WORK ITEM:
Starting with the line that contains "Organic Abstract Textures, a" and stopping after the line that contains "Mens UK Size", return each line below exactly as written, with no others.

INPUT DATA:
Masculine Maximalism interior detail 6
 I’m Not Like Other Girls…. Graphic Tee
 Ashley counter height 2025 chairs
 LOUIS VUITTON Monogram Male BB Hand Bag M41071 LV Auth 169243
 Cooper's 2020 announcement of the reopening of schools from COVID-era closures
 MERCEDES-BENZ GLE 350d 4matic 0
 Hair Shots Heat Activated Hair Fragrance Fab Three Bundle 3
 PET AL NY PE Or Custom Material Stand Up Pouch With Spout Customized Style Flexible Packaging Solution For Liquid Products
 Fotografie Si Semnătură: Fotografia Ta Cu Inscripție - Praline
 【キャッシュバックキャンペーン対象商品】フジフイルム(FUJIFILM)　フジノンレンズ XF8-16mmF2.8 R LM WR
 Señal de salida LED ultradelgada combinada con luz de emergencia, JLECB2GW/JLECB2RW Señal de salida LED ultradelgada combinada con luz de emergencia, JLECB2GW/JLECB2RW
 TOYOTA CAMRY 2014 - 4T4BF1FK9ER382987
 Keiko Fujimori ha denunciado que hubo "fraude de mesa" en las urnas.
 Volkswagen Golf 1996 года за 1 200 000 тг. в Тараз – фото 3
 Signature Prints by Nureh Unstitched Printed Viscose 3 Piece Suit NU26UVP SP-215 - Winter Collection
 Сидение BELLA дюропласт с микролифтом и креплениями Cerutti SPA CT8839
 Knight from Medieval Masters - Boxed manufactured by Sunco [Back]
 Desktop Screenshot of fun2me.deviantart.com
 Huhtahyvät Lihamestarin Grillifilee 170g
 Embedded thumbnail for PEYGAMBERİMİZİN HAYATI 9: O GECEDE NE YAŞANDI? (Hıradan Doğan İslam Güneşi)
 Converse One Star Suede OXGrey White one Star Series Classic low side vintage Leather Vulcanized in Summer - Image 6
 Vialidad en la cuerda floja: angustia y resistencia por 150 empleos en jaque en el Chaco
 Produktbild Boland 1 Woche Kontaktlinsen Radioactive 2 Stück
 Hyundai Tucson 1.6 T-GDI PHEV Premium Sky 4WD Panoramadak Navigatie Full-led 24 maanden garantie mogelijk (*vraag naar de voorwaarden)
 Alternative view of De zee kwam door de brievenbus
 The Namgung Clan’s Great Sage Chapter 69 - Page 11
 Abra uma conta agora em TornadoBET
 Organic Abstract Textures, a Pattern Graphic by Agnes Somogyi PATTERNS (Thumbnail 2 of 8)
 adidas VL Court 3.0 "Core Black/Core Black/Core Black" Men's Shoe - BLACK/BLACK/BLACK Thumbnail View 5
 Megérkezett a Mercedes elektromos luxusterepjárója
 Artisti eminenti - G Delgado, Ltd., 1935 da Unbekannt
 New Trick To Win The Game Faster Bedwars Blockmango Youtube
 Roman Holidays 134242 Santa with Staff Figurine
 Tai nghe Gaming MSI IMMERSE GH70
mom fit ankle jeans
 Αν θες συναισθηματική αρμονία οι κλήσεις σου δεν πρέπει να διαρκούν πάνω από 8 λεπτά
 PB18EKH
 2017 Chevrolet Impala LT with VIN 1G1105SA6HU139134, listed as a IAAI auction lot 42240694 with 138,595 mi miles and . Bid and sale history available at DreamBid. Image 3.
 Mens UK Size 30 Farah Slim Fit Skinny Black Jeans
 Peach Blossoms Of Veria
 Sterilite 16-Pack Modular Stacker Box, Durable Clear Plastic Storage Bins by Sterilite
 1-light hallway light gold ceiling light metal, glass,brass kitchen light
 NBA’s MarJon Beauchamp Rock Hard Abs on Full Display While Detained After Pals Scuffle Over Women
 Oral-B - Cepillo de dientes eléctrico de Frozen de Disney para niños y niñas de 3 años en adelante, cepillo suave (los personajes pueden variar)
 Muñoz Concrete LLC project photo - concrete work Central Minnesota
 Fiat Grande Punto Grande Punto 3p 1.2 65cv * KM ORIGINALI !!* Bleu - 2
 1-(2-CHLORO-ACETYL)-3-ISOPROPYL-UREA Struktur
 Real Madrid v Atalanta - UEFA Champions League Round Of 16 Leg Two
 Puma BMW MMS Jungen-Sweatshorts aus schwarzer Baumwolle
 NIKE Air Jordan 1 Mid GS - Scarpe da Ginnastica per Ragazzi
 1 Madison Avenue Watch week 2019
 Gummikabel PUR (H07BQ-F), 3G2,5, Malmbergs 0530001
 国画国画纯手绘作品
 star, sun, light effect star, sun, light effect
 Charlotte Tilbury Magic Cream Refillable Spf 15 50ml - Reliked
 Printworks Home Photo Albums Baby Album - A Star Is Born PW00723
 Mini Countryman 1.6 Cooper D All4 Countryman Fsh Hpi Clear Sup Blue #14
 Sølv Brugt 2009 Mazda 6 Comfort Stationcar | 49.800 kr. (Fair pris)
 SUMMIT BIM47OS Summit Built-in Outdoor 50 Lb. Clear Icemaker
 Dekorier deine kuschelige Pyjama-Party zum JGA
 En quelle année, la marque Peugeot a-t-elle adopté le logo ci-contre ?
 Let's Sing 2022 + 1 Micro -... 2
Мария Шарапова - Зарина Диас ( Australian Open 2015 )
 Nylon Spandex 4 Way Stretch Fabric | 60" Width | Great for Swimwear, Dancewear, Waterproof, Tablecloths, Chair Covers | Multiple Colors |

SOLVED EXERCISE:
 Organic Abstract Textures, a Pattern Graphic by Agnes Somogyi PATTERNS (Thumbnail 2 of 8)
 adidas VL Court 3.0 "Core Black/Core Black/Core Black" Men's Shoe - BLACK/BLACK/BLACK Thumbnail View 5
 Megérkezett a Mercedes elektromos luxusterepjárója
 Artisti eminenti - G Delgado, Ltd., 1935 da Unbekannt
 New Trick To Win The Game Faster Bedwars Blockmango Youtube
 Roman Holidays 134242 Santa with Staff Figurine
 Tai nghe Gaming MSI IMMERSE GH70
mom fit ankle jeans
 Αν θες συναισθηματική αρμονία οι κλήσεις σου δεν πρέπει να διαρκούν πάνω από 8 λεπτά
 PB18EKH
 2017 Chevrolet Impala LT with VIN 1G1105SA6HU139134, listed as a IAAI auction lot 42240694 with 138,595 mi miles and . Bid and sale history available at DreamBid. Image 3.
 Mens UK Size 30 Farah Slim Fit Skinny Black Jeans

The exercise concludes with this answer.